### TASK STATEMENT:
Reproduce exactly the line that contains "Close-up of a" and every line after it through the end of the records below, leaving out all pictures.
----
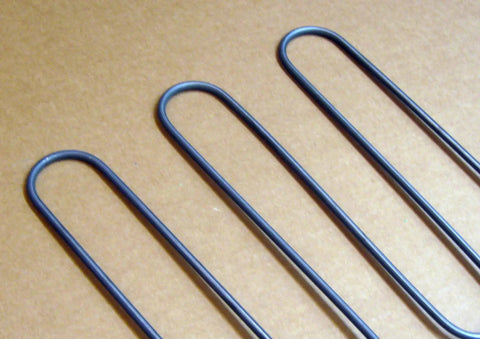 Close-up of Genuine OEM Broil Element 316203301 for Electric Ranges, showing black metal loops for high heat oven broiler replacement.
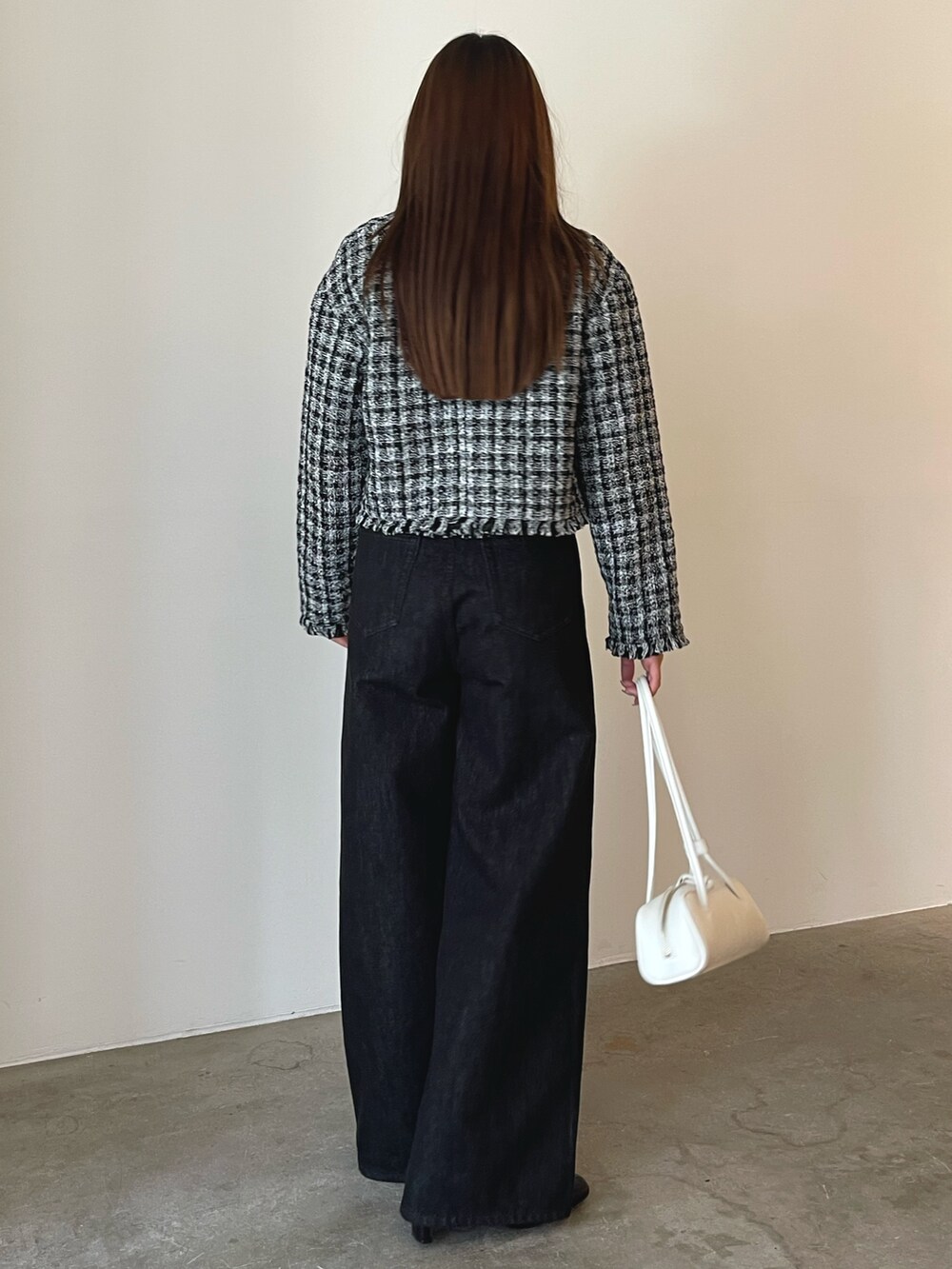 ホワイト系のショルダーバッグ、ブラック系のキャミソール、ブラック系のテーラードジャケットを着用したレディースの秋コーディネートの7枚目の写真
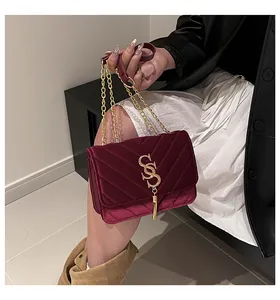 Détail du sac en velours bordeaux avec matelassage en V et chaîne à pompon doré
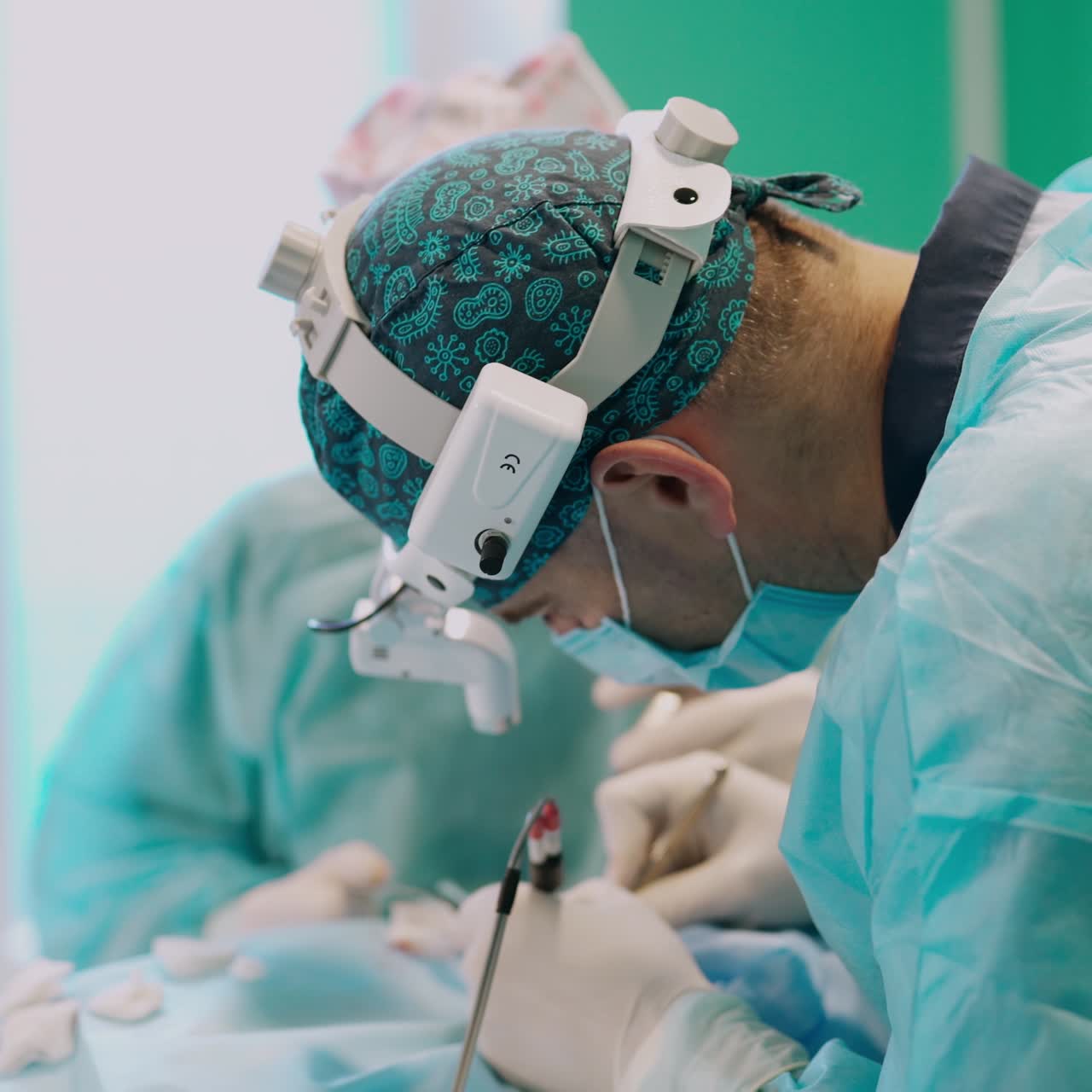 Team surgeon at work in operating room. Surgery otoplasty. Auricle correction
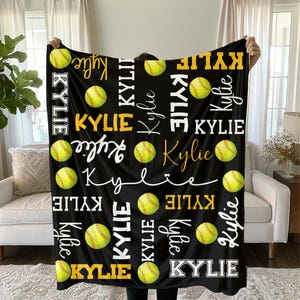 May include: Black softball blanket featuring the name "Kylie" in white and gold lettering, along with yellow softballs. The name is repeated throughout the design in various fonts. A cozy and personalized gift.
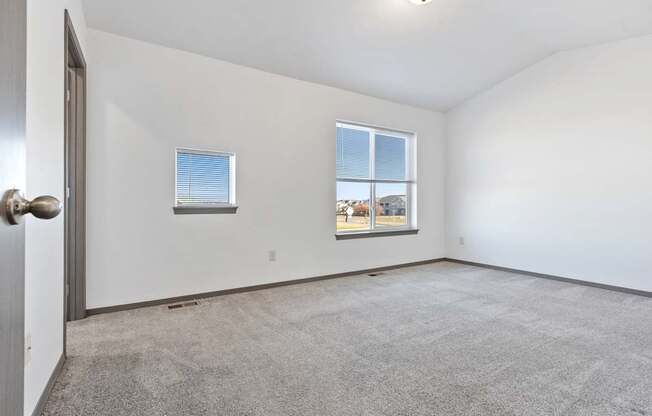 A room with a carpeted floor and two windows.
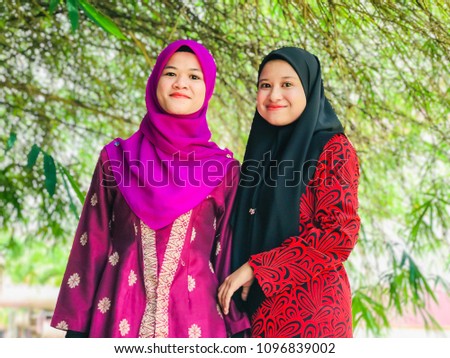 Young beautiful Muslim women in a headscarf with Baju Kurung and Baju Kebaya posing under bamboo tree.  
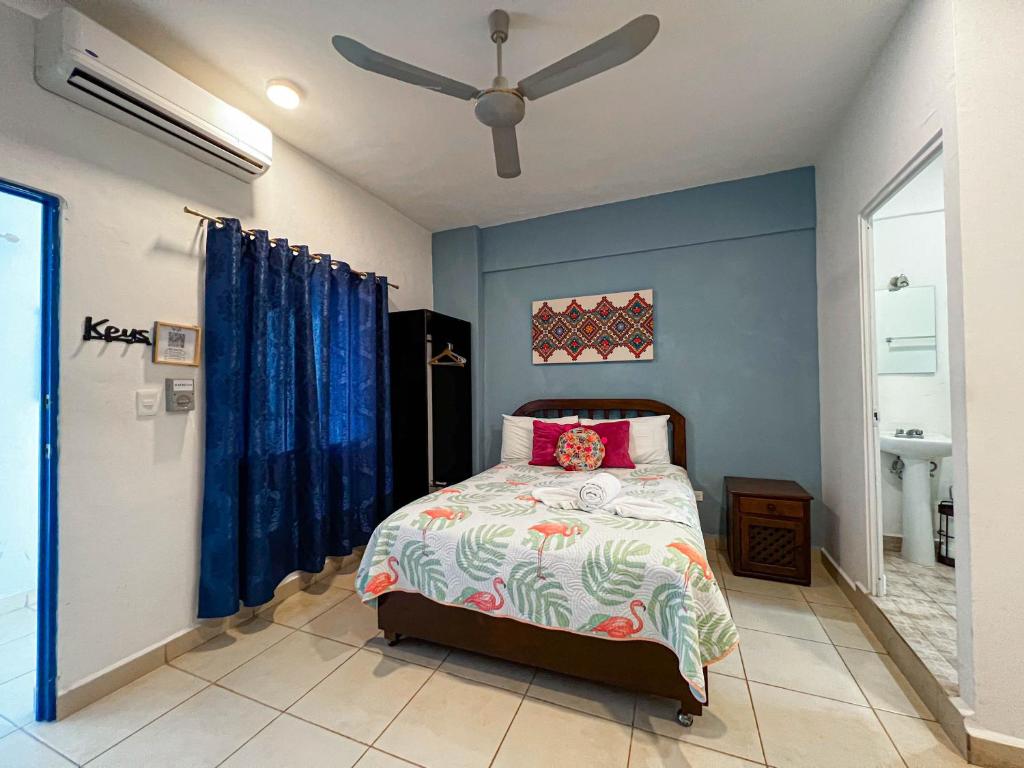 - une chambre avec un lit et un ventilateur de plafond dans l'établissement Studios at Main Park Cozumel, à Cozumel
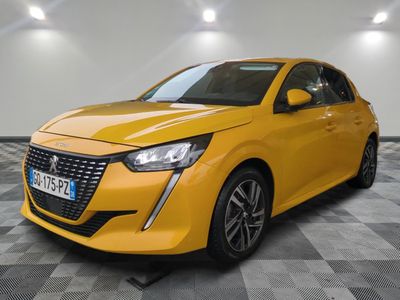 a yellow car parked in a garage with a checkered floor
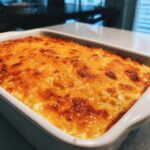 Close-up of a baked, creamy corn dip topped with bubbling, golden-brown melted cheddar cheese.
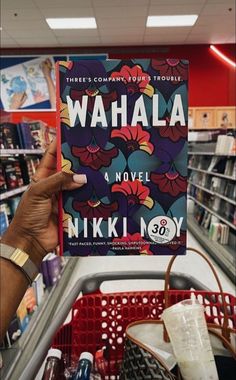 a person is holding up a book in a store with the words wahala on it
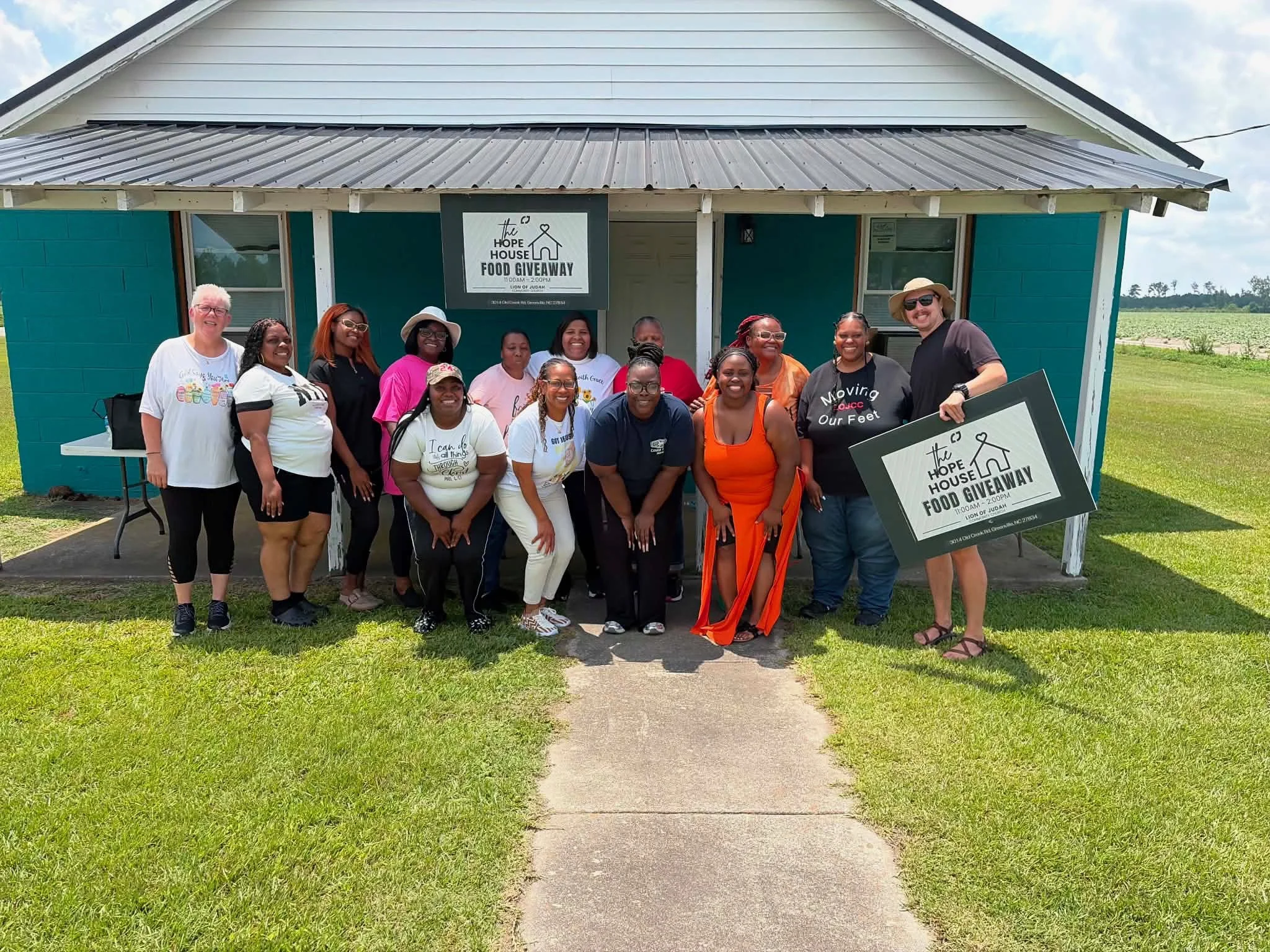 Members of Lion of Judah Community Church standing in front of Judah Hope House a small teal house with a silver roof, smiling for a photo during a food giveaway event.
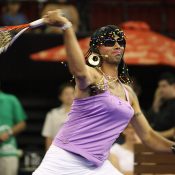 Ever the entertainer, Andrew Florent channels Serena Williams at the Gerard McCabe Jewellers Celebrity Tennis Challenge at the Adelaide Entertainment Centre in December 2007; Getty Images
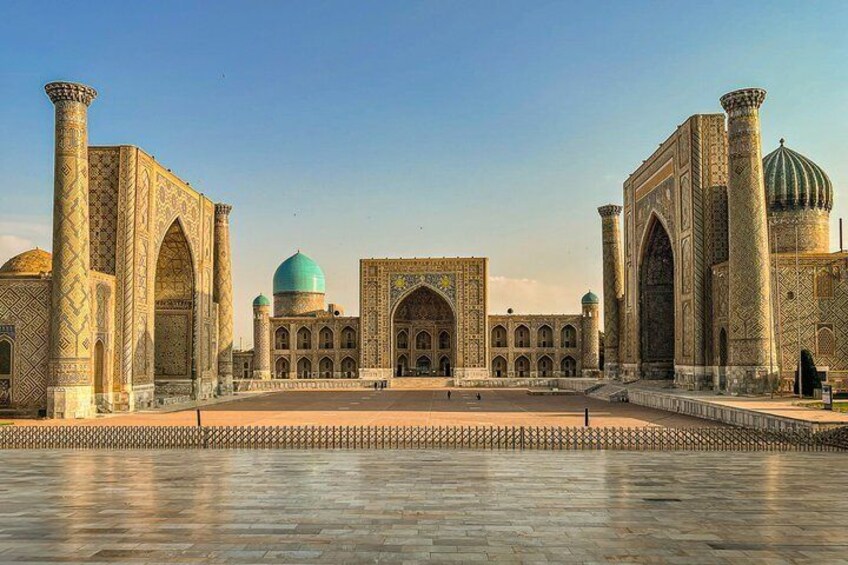A large, historic building with domes and arches, surrounded by a paved area. 1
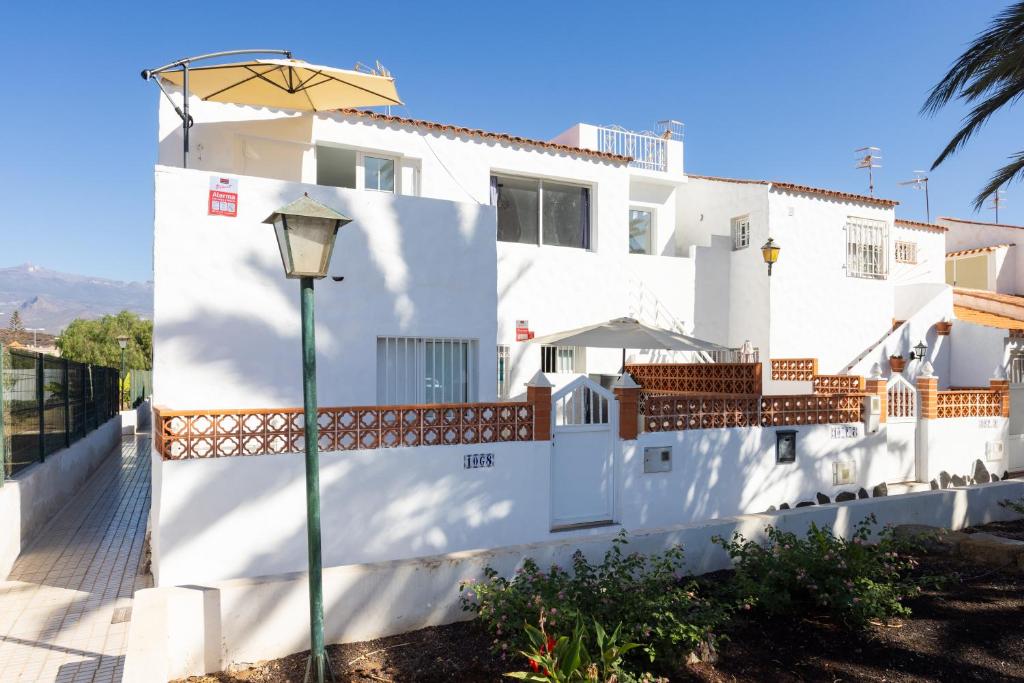 un edificio blanco con una luz de la calle delante de él en Soul House Tenerife, en Costa del Silencio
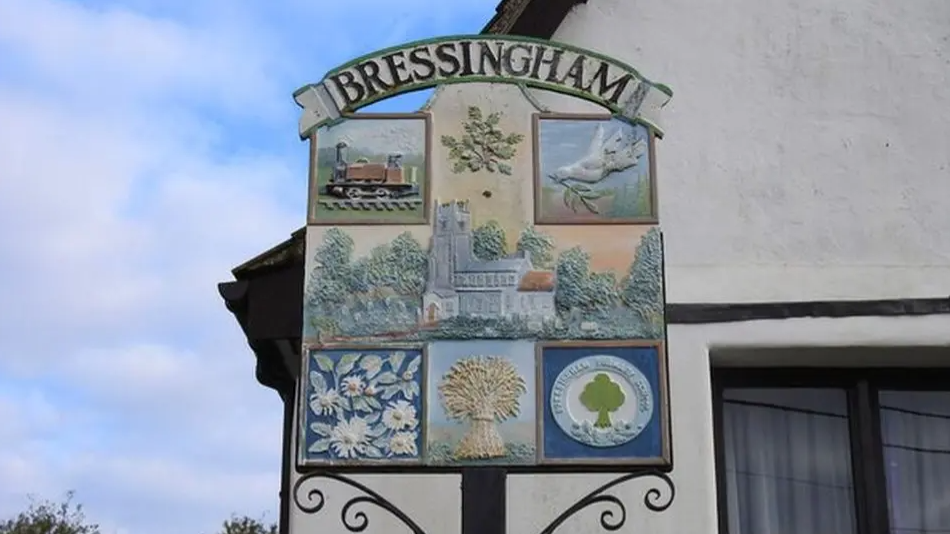 village sign for Bressingham in Norfolk showing wheatsheafs, doves, trains and a church in the centre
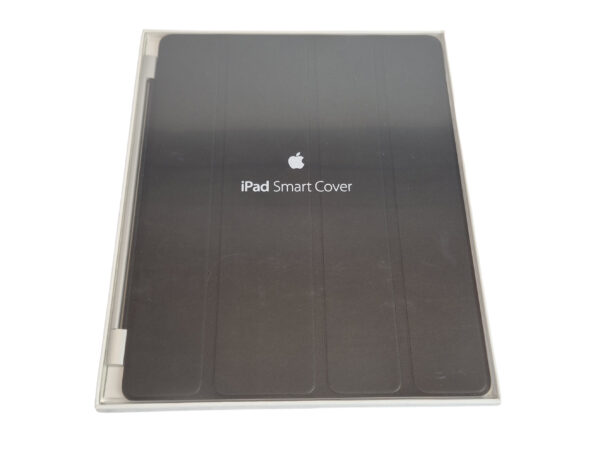 Etui iPad Smart Cover w oryginalnym pudełku z logo Apple, kolor czarny, widoczne przez przezroczystą pokrywę.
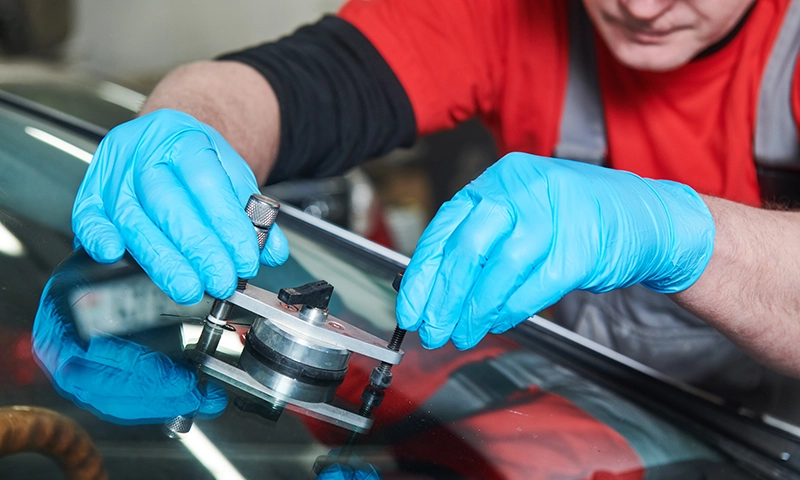 WindshieldShopRepair Windshield repair in process with glass tools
----
### ANSWER:
 Close-up of a baked, creamy corn dip topped with bubbling, golden-brown melted cheddar cheese.
 a person is holding up a book in a store with the words wahala on it
 Members of Lion of Judah Community Church standing in front of Judah Hope House a small teal house with a silver roof, smiling for a photo during a food giveaway event.
 Ever the entertainer, Andrew Florent channels Serena Williams at the Gerard McCabe Jewellers Celebrity Tennis Challenge at the Adelaide Entertainment Centre in December 2007; Getty Images
A large, historic building with domes and arches, surrounded by a paved area. 1
 un edificio blanco con una luz de la calle delante de él en Soul House Tenerife, en Costa del Silencio
 village sign for Bressingham in Norfolk showing wheatsheafs, doves, trains and a church in the centre
 Etui iPad Smart Cover w oryginalnym pudełku z logo Apple, kolor czarny, widoczne przez przezroczystą pokrywę.
 WindshieldShopRepair Windshield repair in process with glass tools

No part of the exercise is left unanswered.